Loading a File

2.11 Loading a File

Use the LOAD command in SQLcl to load a comma-separated value file from a local directory or cloud storage location into a table.

2.11.1 LOAD Command

Loads a comma-separated value (csv) file from a local directory or cloud storage location into a table.

Syntax

LOAD [TABLE] [schema.]table_name { <file-specification> | <cloud-storage-specification> } 
[NEW | SHOW | SHOW_DDL | CREATE |CREATE_DDL]

where

[schema.]table_name identifies the table to load. If the schema is omitted, the table for the connected user schema is loaded.

file-specification has the following syntax:

{ <fully-qualified-file-name> | <file-name> }

fully-qualified-file-name: Identifies the full path to the file to load.
file-name: Identifies the file to load. The file must be located in the default path.

cloud-storage-specification has the following syntax:

{ CLOUDSTORAGE | CS | CLOUD_STORAGE } [ <url> | <qualified-name> ]

url: Complete URL for the cloud storage file if a default cloud storage URL is not set using the Cloud Storage command.
qualified-name: Name of the object, optionally qualified by the namespace and bucket.
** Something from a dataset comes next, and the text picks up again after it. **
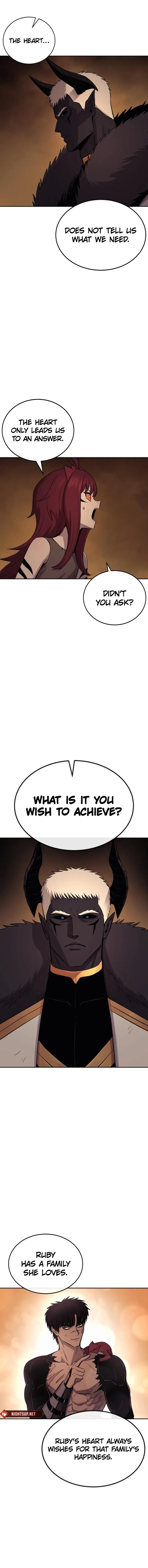 Page 5 of Chapter 73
The qualified name combined with the URL specified by the Cloud Storage command must fully identify the object URL. If url and qualified-name are omitted, the default Cloud Storage URL must be set to the object.

NEW creates a table and loads data.

[SHOW | SHOW_DDL] executes the DDL generation phase and shows the DDL.

[CREATE | CREATE_DDL] executes the DDL generation phase and creates the table.

Use SET LOAD and SET LOADFORMAT to specify properties for DDL analysis and generation.

Create table DDL generation pre-scans the data file to determine column properties. Use SET LOAD SCAN <n> to specify the number of rows to scan for DDL. 100 is the default. To turn off scanning, set to 0.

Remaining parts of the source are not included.